The late Sharon Tate is too often remembered for her gruesome death rather than her legacy and is seen as a life cut senselessly short. The wife of Roman Polanski and star of Valley of the Dolls was a vivacious and stylish symbol of the 1960s, best known for her piercing eyes and laid-back California style. According to Polanski, Tate was embarrassed by her beauty, although she was often found modelling and being a cover girl.

Alain Delon

Known as the male Brigitte Bardot and French James Dean, the French actor is perhaps better known for his style and good looks than his films. Delon’s blue eyes and sharp cheekbones made him an enigmatic figure and now, aged 78, Delon has retained his classic looks. Delon’s style was stark and classic, albeit with an avant garde edge and a signature look that included a Riviera style unbuttoned shirt.
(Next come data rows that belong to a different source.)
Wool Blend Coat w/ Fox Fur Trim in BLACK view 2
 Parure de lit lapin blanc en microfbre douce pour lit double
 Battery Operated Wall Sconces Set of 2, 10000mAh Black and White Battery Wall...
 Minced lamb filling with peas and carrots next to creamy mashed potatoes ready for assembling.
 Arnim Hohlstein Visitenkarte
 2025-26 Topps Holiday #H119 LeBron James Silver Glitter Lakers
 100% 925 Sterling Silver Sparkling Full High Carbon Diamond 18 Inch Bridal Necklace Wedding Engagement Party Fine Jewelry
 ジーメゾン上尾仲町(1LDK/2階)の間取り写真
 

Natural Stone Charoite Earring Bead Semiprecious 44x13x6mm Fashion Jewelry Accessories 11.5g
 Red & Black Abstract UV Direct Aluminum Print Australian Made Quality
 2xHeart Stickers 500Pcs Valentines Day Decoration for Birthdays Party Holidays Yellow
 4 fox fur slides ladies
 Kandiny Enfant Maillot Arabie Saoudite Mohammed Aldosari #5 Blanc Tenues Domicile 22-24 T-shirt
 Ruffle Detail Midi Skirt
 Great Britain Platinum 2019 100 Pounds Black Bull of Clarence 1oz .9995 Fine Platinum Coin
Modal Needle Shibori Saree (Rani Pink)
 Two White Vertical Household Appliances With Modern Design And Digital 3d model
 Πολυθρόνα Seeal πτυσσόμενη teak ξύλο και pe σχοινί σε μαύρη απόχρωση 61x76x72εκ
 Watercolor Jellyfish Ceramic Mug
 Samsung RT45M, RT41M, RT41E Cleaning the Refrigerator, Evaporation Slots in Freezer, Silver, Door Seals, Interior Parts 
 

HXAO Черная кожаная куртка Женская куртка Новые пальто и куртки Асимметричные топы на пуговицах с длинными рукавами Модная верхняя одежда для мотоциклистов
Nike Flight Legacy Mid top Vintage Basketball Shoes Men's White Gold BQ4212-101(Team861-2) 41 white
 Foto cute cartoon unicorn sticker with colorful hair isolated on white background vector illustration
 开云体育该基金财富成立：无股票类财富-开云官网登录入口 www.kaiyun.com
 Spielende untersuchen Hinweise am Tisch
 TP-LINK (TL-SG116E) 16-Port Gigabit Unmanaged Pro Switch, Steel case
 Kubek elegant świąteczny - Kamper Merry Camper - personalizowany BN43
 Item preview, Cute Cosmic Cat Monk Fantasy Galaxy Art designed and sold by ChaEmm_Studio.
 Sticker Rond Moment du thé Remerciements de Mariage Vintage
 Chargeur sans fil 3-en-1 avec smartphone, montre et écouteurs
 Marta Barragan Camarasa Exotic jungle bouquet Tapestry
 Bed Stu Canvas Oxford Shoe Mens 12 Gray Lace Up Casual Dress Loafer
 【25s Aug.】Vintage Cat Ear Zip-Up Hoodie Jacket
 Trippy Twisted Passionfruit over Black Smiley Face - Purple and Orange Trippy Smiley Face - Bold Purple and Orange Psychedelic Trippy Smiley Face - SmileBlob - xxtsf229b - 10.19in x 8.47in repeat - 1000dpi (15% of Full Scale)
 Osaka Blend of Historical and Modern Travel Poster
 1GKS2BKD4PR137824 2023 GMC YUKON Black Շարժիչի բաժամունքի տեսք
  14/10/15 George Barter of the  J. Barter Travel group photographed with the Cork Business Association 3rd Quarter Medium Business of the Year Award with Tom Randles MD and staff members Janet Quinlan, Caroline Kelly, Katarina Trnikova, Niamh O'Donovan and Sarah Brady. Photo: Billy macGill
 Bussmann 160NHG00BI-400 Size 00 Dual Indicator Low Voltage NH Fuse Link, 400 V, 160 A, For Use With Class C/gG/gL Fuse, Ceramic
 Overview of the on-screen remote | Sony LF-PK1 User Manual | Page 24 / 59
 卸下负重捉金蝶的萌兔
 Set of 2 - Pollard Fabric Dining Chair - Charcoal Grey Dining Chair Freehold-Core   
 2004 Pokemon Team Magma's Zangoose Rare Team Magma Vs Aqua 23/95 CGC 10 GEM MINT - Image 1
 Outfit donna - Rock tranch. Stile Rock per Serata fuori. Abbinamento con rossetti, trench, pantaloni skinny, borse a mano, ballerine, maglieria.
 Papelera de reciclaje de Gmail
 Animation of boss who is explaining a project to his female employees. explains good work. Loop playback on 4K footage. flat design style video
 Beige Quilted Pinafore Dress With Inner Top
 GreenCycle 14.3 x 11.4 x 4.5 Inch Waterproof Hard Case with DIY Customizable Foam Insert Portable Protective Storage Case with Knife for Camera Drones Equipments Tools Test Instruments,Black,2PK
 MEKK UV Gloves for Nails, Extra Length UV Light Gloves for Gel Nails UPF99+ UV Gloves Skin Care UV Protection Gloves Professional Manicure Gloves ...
His nonchalant style, a mixture of subversive and classic, is what has made Delon a cult figure despite retiring from acting long ago.

Sean Connery

The quintessential James Bond… if only you could subtract the sexism in the Bond films. Connery was suave, dapper and still very manly in his suits as he sipped on his martinis and strolled on beaches with lots of chest hair. Representing how bold and male the decade still was, Connery was somewhat of a Don Draper before Don Draper was invented. Before Scarface, Sean Connery proved that the world could be yours – you could save the world, look dashing and get the girl.

Joan Baez

The unpretentious, earthy folk singer and social crusader dated and sang with Bob Dylan. Baez’s relaxed style, demand for justice and trademark hair made her an inspiration for a generation and represented what the ’60s were all about: change. Over half a century later, her music has endured for a new generation and this proves how quintessential Baez was to changing the social tide in the 60s, through being outspoken on ending wars and migration problems in the US.